NCCIC has received
multiple reports of WannaCry ransomware infections worldwide. Ransomware is a
type of malicious software that infects and restricts access to a computer
until a ransom is paid. Although there are other methods of delivery,
ransomware is frequently delivered through phishing emails and exploits
unpatched vulnerabilities in software.
Phishing emails are
crafted to appear as though they have been sent from a legitimate organization
or known individual. These emails often entice users to click on a link or open
an attachment containing malicious code. After the code is run, your computer
may become infected with malware.
A commitment to cyber
hygiene and best practices is critical to protecting organizations and users
from cyber threats, including malware.
In advice specific to the
recent WannaCry ransomware threat, users should:
·
Be careful when clicking directly on links
in emails, even if the sender appears to be known; attempt to verify web
addresses independently (e.g., contact your organization's helpdesk or search
the Internet for the main website of the organization or topic mentioned in the
email).
·
Exercise caution when opening email
attachments.

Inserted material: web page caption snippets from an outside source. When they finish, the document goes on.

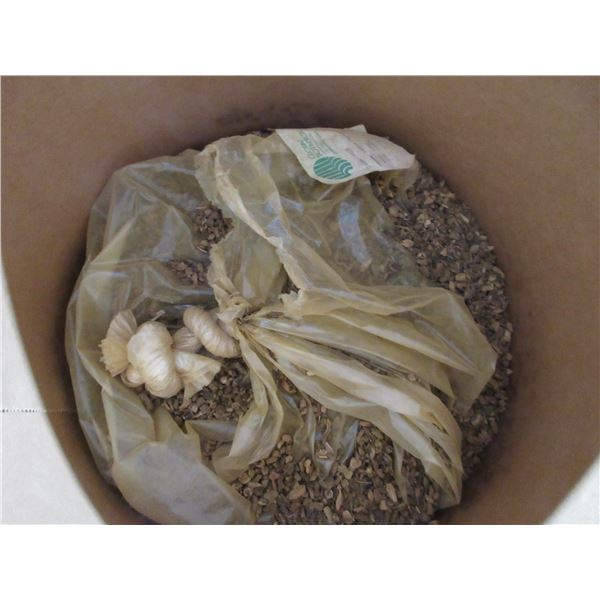 Large Tub of Yellow Dock Root Wood Chips - Approx. 10 Kg - PICK UP PREFERRED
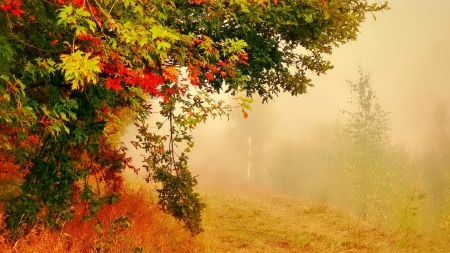 Mist - nature, tree, leaves, mist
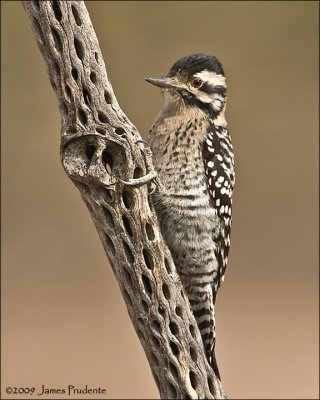 Ladder-Backed Woodpecker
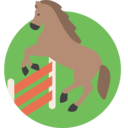 sports,horse,olympic games,equestrian,equine,hippic
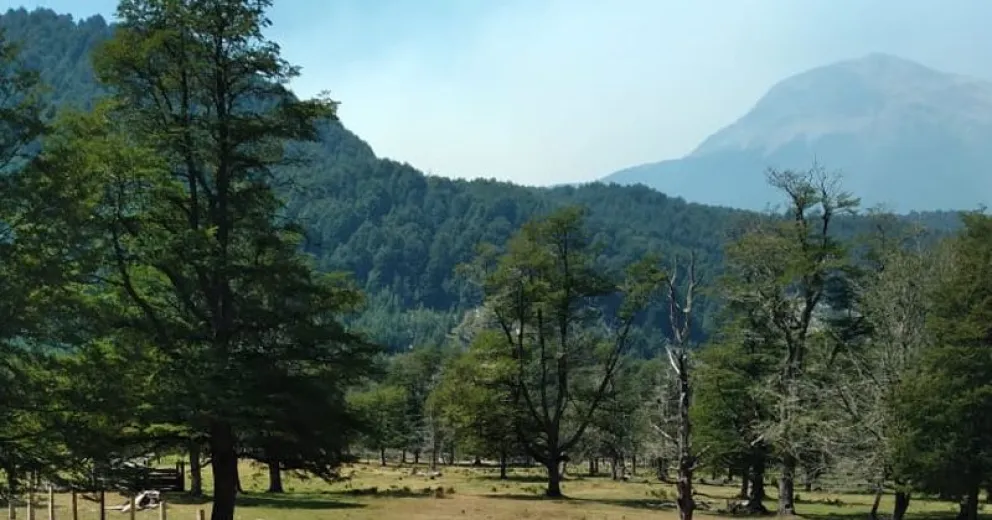 El humo presente desde hace varios días en Paso León.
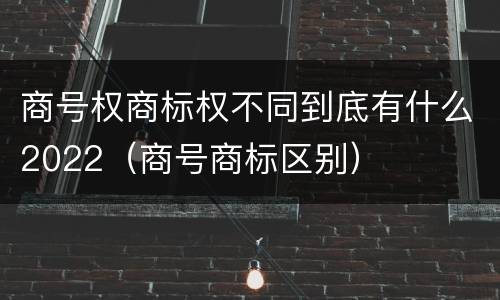 商号权商标权不同到底有什么2022（商号商标区别）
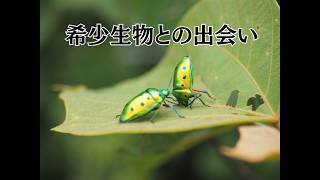 西表島サニーデイ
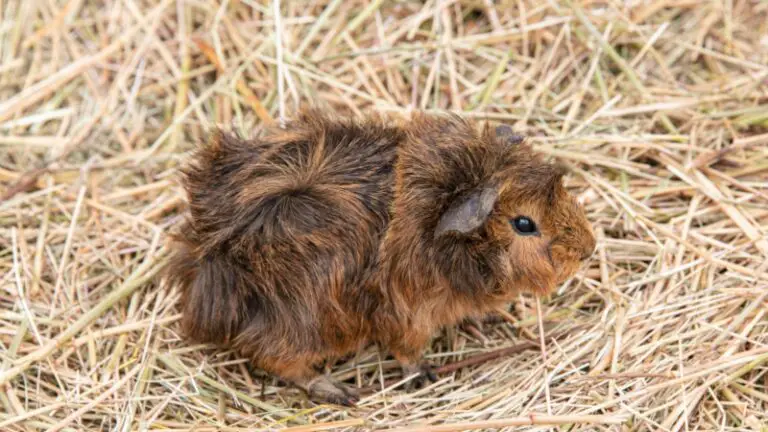 Picture of Do Guinea Pigs Have Allergies? | Information and Facts - Guinea Pig Tube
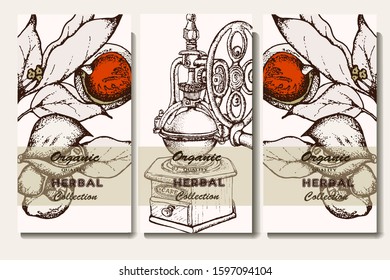 Vector illustration. Hand drawn banner. Branch, coffee maker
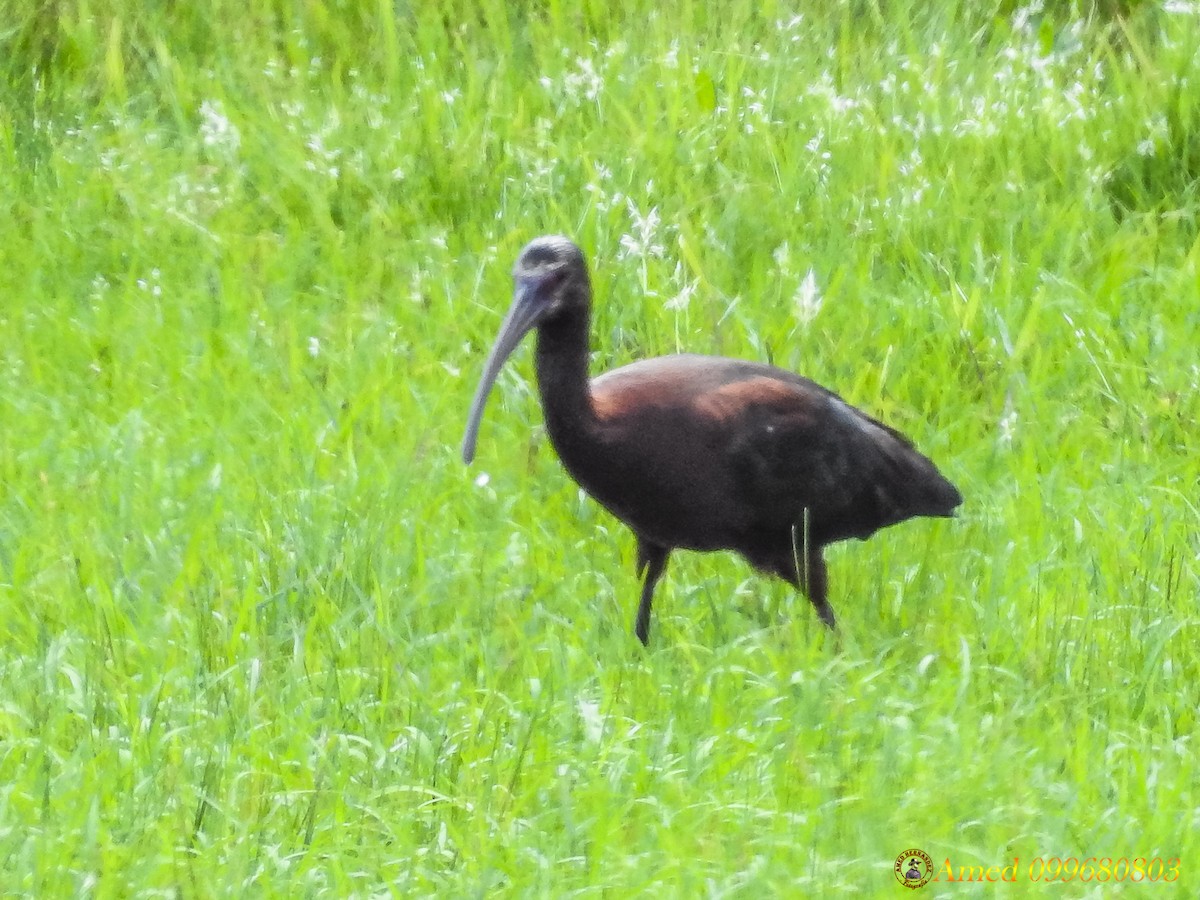 White-faced Ibis - Amed Hernández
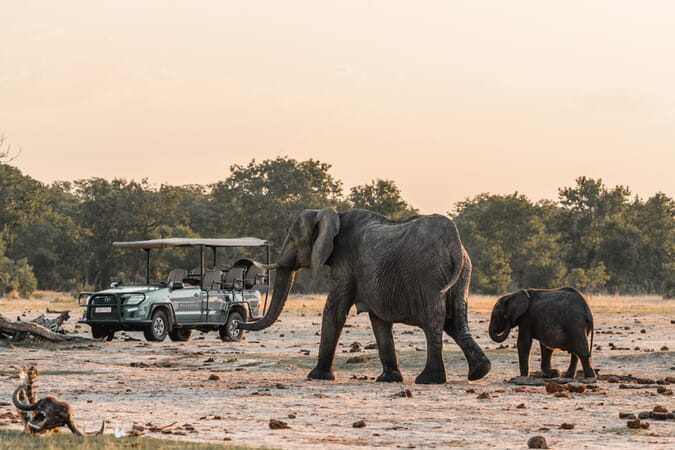 Little Makalolo Hwange National Park Luxury Family Safaris Zimbabwe Coral Tree Travel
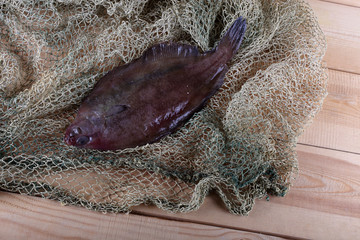 Canvas Print - Flathead flounder on net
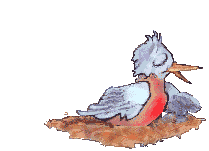 Vogel-015.gif (63481 bytes)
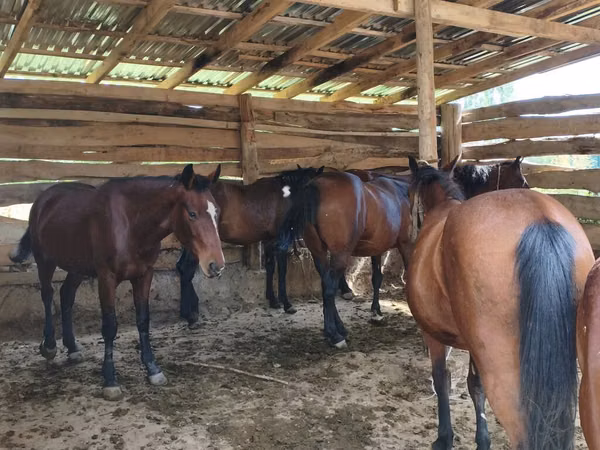 Mare, Horses — Kyrgyzstan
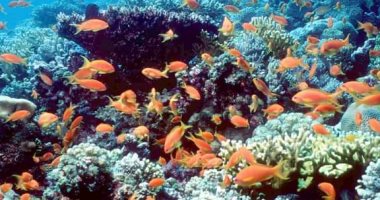 "أهم مقصد سياحى بحرى بالغردقة".. جزيرة الجفتون تستعد لاستقبال الزوار فى العيد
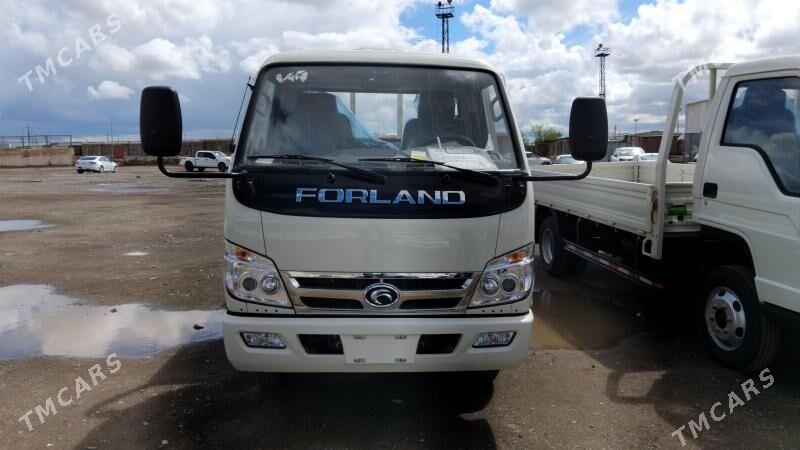 Forland H3 2025 - 222 000 TMT - Mary - img 1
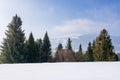 Spruce forest on the snow covered mountain meadow Royalty Free Stock Photo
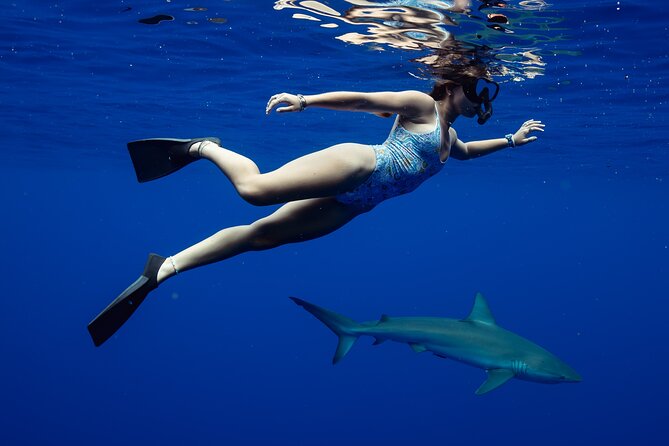 Private Shark Dive, Oahu, Hawaii (6 Guest) - What You’re Really Buying: A Private Shark Encounter, Not a Crowd Scene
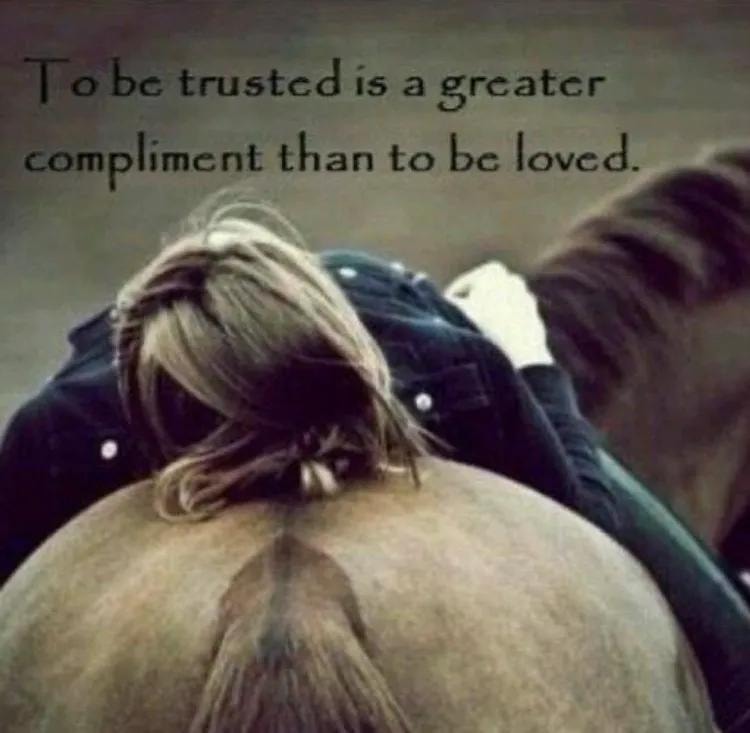 EQUUSWAY photo 4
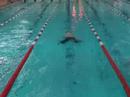Swimclub member Bazza swimming a sub 30 50m breaststroke.
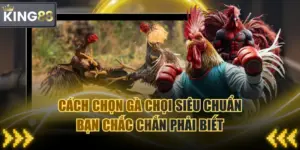 Cách Chọn Gà Chọi Siêu Chuẩn Bạn Chắc Chắn Phải Biết
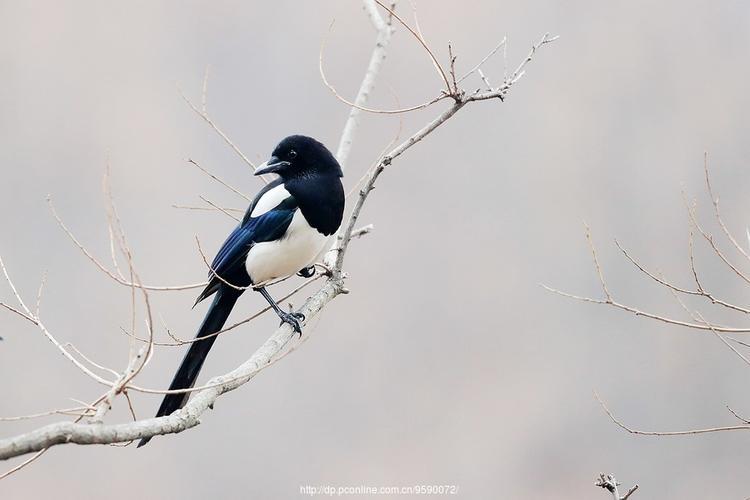 【喜鹊摄影图片】生活摄影_太平洋电脑网摄影部落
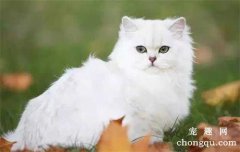 怎么让猫咪改掉用爪子挠墙的坏习惯？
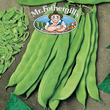 Mr Fothergills Artemis Dwarf Bean Seeds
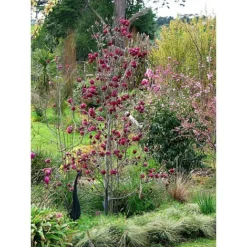 Magnolia 'Genie' -Cheap Tree Foliage Store MAGN T68395 A h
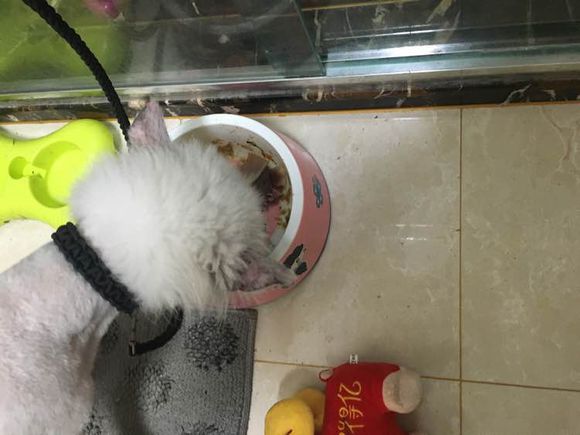 路边捡到一只萨摩耶,捡到萨摩耶有狗癣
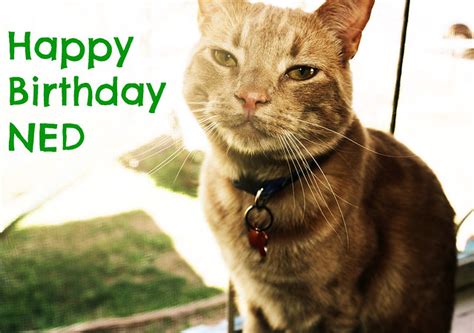 Happy Birthday Ned Flickr Photo Sharing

Be particularly wary of compressed or ZIP file attachments.
·
Follow best practices for Server Message
Block (SMB) and update to the latest version immediately. (See US-CERT’s SMBv1 Current Activity for more information.)
For general best
practices on patching and phishing, users should:
·
Ensure that your applications and operating
system has been patched with the latest updates. Vulnerable applications and
operating systems are the target of most attacks. (See Understanding Patches.)
·
Be suspicious of unsolicited phone calls,
visits, or email messages from individuals asking about employees or other
internal information. If an unknown individual claims to be from a legitimate
organization, try to verify his or her identity directly with the company.
·
Avoid providing personal information or
information about your organization, including its structure or networks,
unless you are certain of a person's authority to have the information.
·
Avoid revealing personal or financial
information in email, and do not respond to email solicitations for this
information. This includes following links sent in email.
·
Be cautious about sending sensitive
information over the Internet before checking a website's security. (See Protecting Your Privacy.)
·
Pay attention to the URL of a website.
Malicious websites may look identical to a legitimate site, but the URL may use
a variation in spelling or a different domain (e.g., .com vs. .net).
·
If you are unsure whether an email request
is legitimate, try to verify it by contacting the company directly. Do not use
contact information provided on a website connected to the request; instead,
check previous statements for contact information. Information about known phishing
attacks is also available online from anti-phishing groups such as the APWG.
·
Install and maintain anti-virus software,
firewalls, and email filters to reduce some of this traffic. (See Understanding Firewalls, Understanding Anti-Virus Software, and Reducing Spam for additional information.)